● TASK DIRECTIONS:
Each line from the one with "Mỹ dẫn đầu 50" through the final line of the entries below must be printed exactly, and the pictures must not be.

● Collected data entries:
******************************
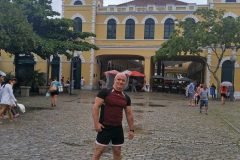 Dinho-no-Mercado-Público-de-Florianópolis-05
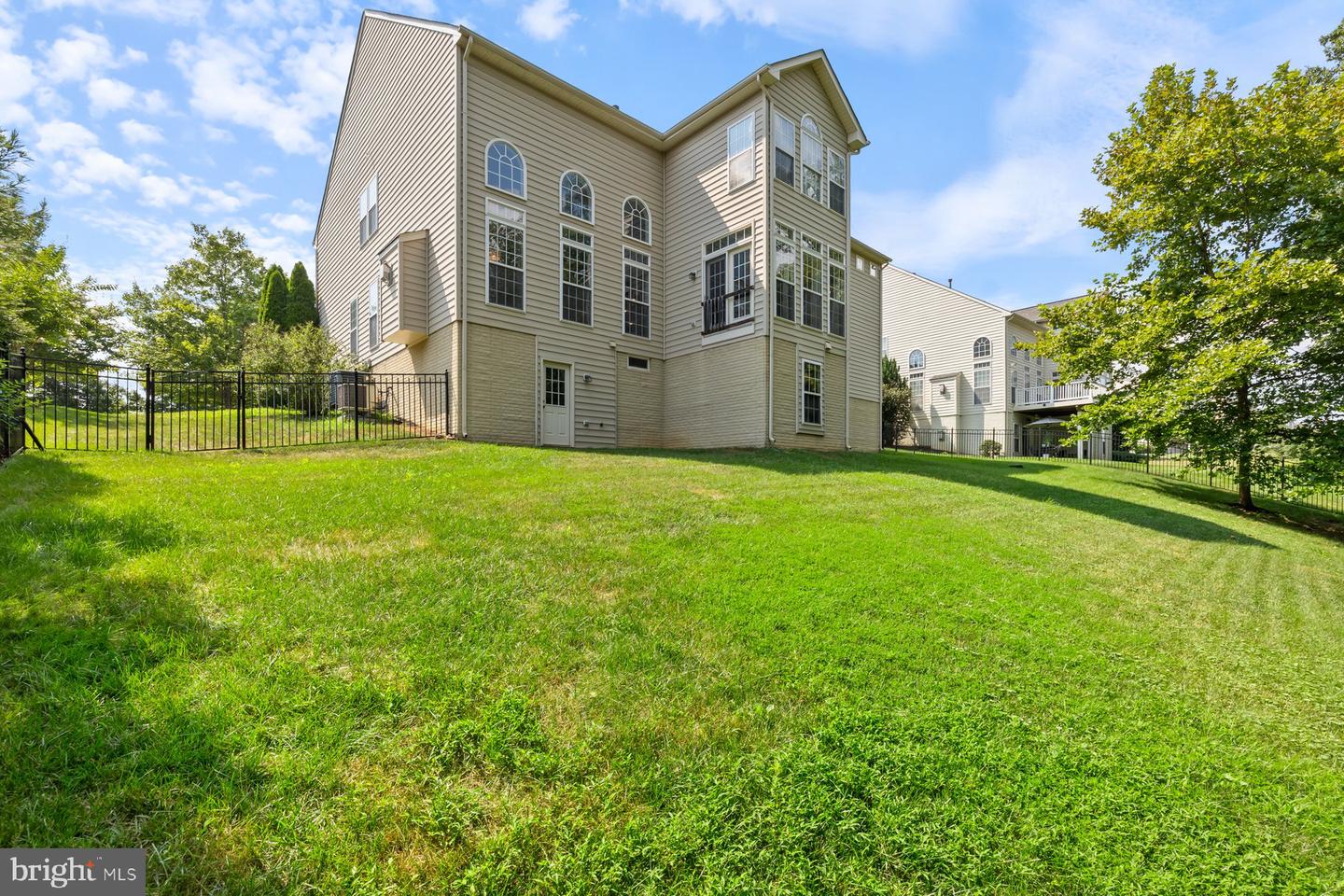 21030 COURTLAND VILLAGE DR, LEESBURG, Virginia 20175, 4 Bedrooms Bedrooms, ,3 BathroomsBathrooms,Residential,For sale,21030 COURTLAND VILLAGE DR,VALO2103084 MLS # VALO2103084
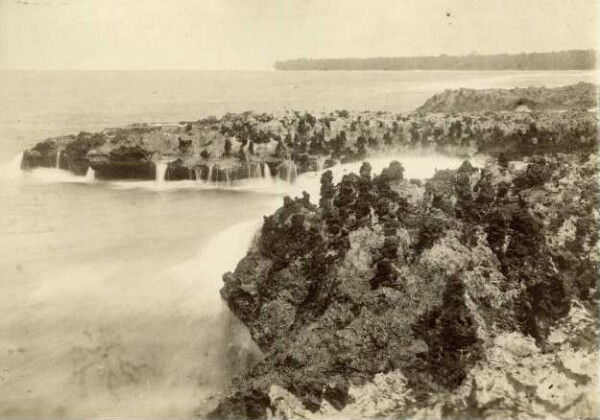 "Pointe nord de l'île de Nusa, Nouveau-Mecklembourg"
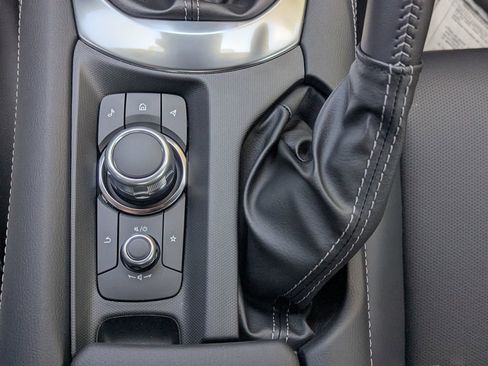 New 2026 MAZDA MX-5 Miata RF Grand Touring RWD image 18
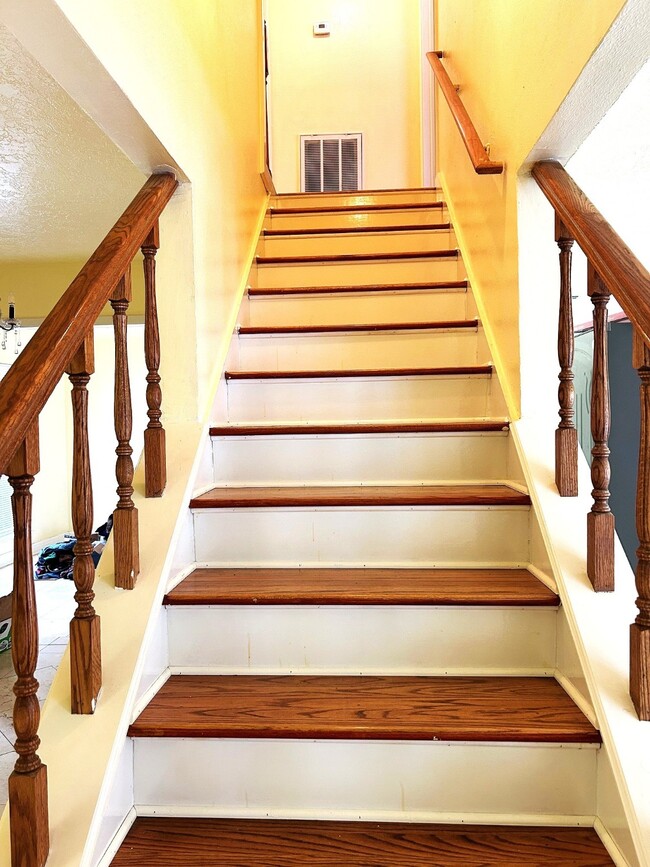 Building Photo - 3123 Village Woods Dr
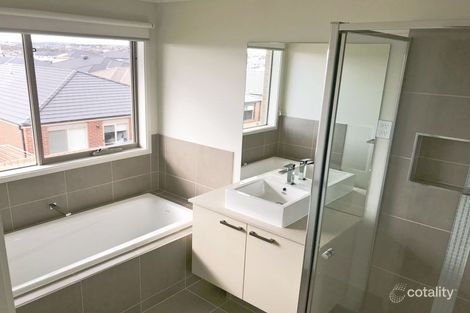 Property photo of 13 Beacon Drive Cranbourne North VIC 3977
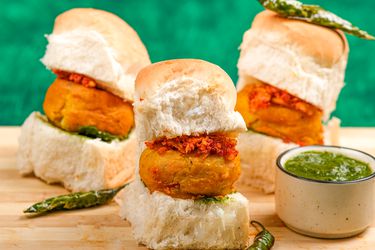 Side view of vada pav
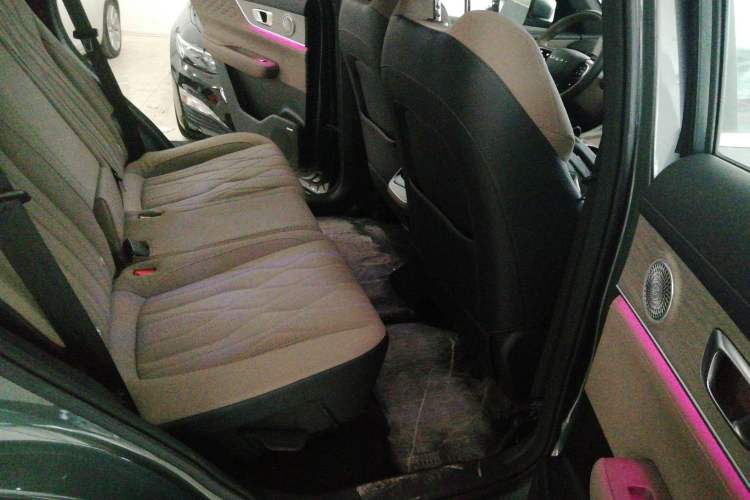 Used Chery Tiggo 8 PLUS 2025 290TGDI DCT Prestige 5-Seater
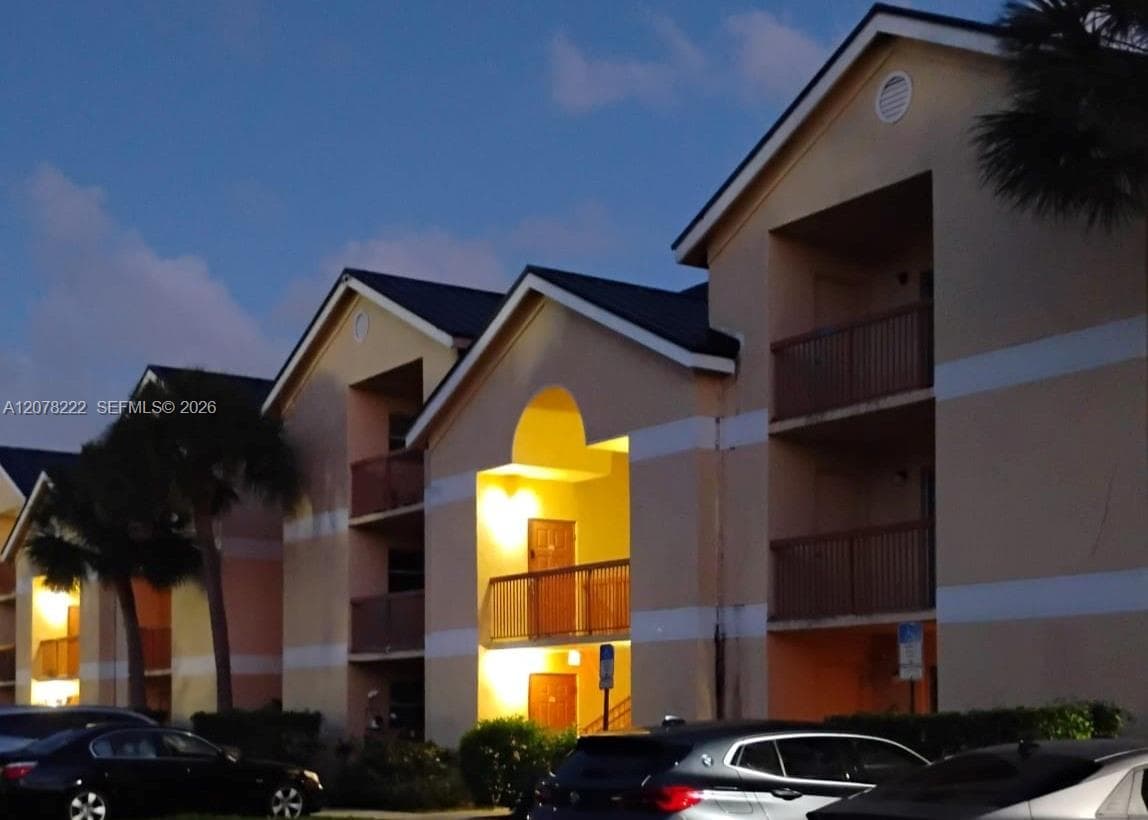 7610 Westwood Dr # 122, Tamarac, FL 33321 photo 3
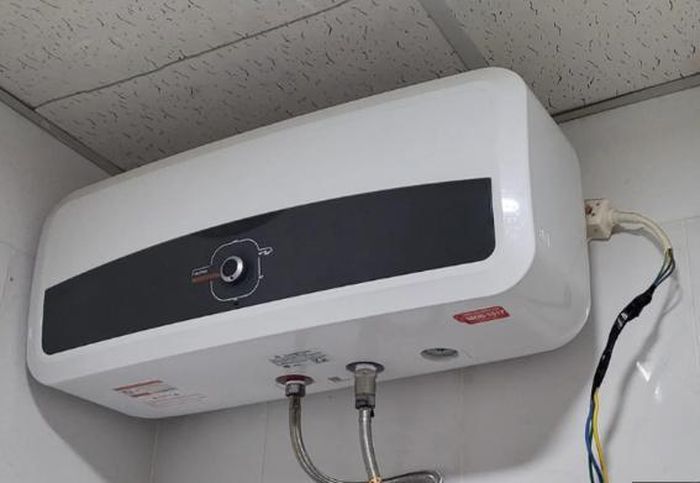 Việc xả cặn bình nóng lạnh nên được thực hiện định kỳ từ 6-12 tháng/lần, tùy theo tần suất sử dụng và chất lượng nguồn nước.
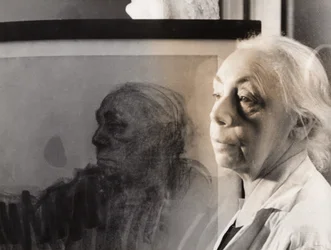Kaethe Kollwitz német festő, grafikus és szobrász, Németország, 1940 körül (fekete-fehér fotó)
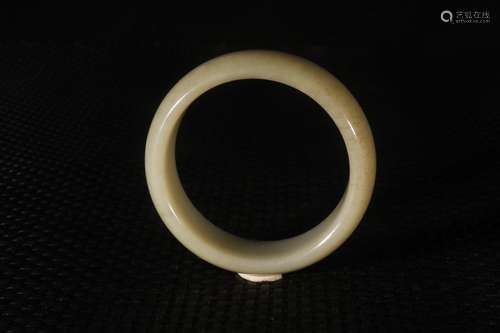 A Chinese Hetian Jade Bangle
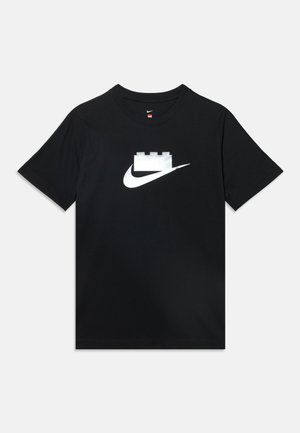 Czarna koszulka z krótkim rękawem z białym logo Nike swoosh i białym wzorem klocka Lego ponad logo, na środku z przodu.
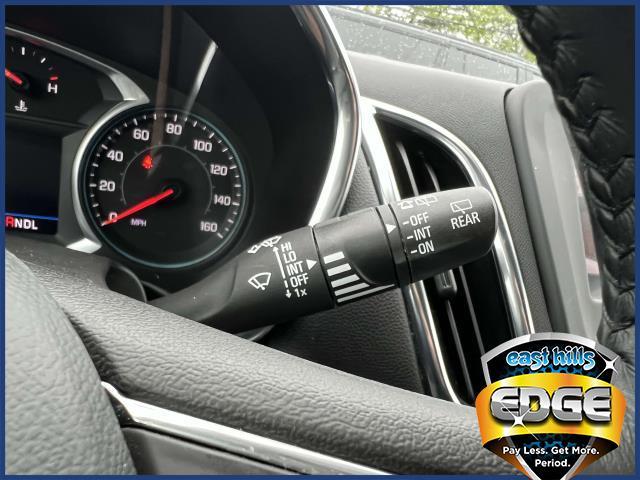 2022 Chevrolet Equinox Vehicle Photo in Roslyn, NY 11576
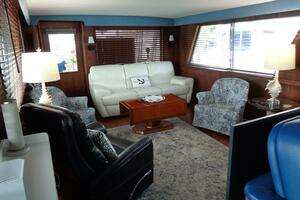 1987 Hatteras 70 Cockpit Motor Yacht thumbnail 34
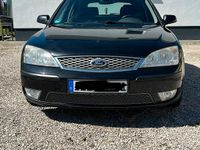 Usado Ford Mondeo 125 CV (91 kW) 2005 Negro Berlina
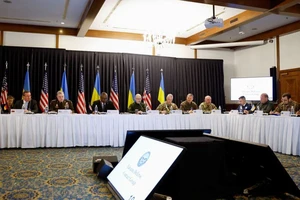 Mỹ dẫn đầu 50 nước chủ yếu là đồng minh họp tại Đức, bàn chuyện tăng hỗ trợ Ukraine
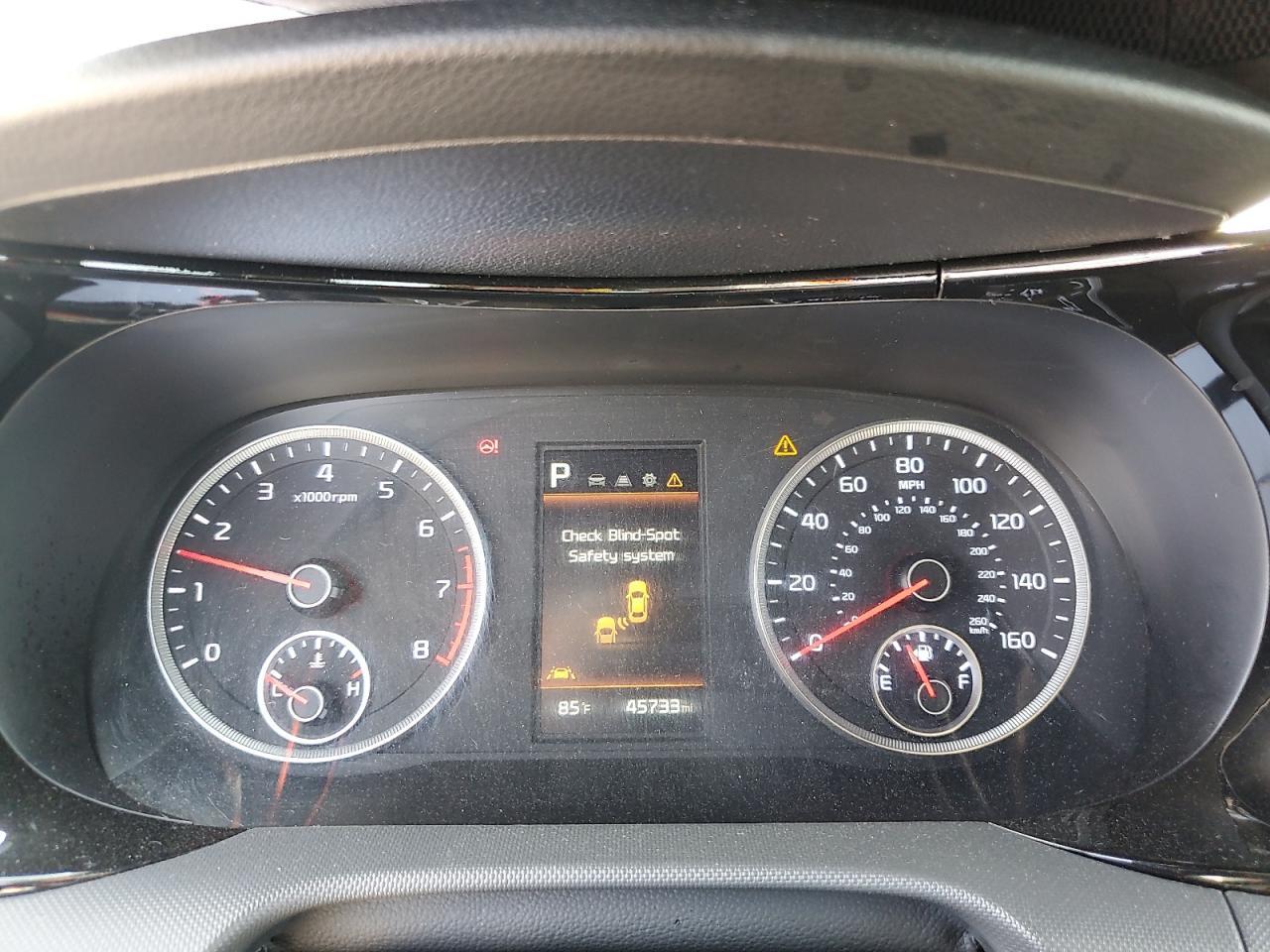 2022 KIA K5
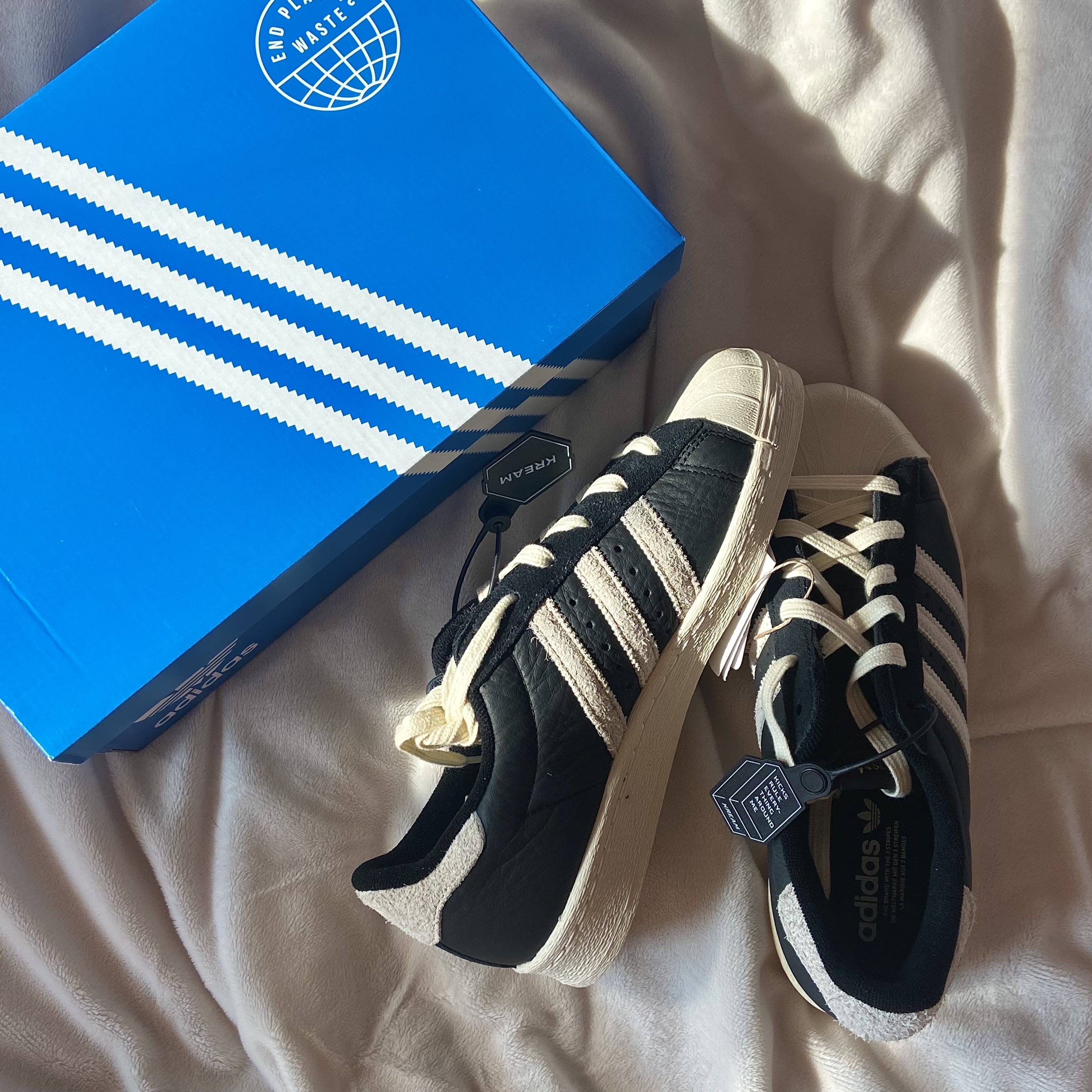 Adidas Superstar 82 Black White 착용 스타일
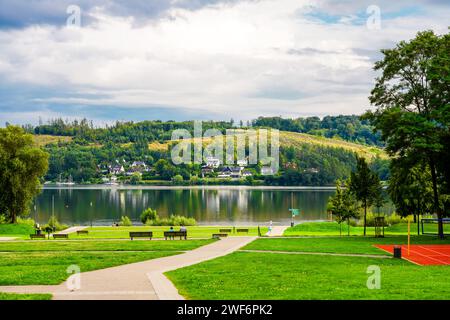 Blick auf die Möhnesee und die umliegende Landschaft am Abend. Natur bei Körbecke. Stockfoto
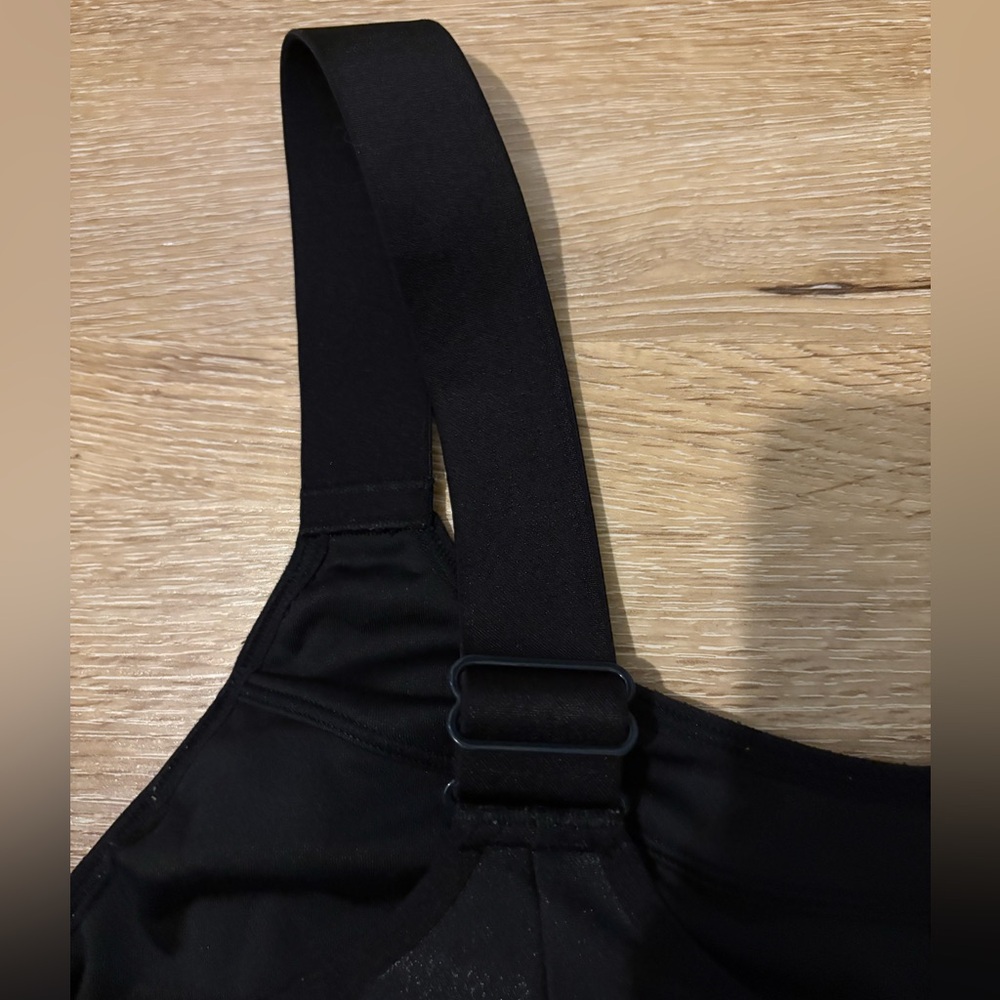 Calia Sculpt Leather Seamed Long Line High Impact Support Sports Bra in Black - Picture 6 of 6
******************************
● PROBLEM SOLUTION:
 Mỹ dẫn đầu 50 nước chủ yếu là đồng minh họp tại Đức, bàn chuyện tăng hỗ trợ Ukraine
 2022 KIA K5
 Adidas Superstar 82 Black White 착용 스타일
 Blick auf die Möhnesee und die umliegende Landschaft am Abend. Natur bei Körbecke. Stockfoto
 Calia Sculpt Leather Seamed Long Line High Impact Support Sports Bra in Black - Picture 6 of 6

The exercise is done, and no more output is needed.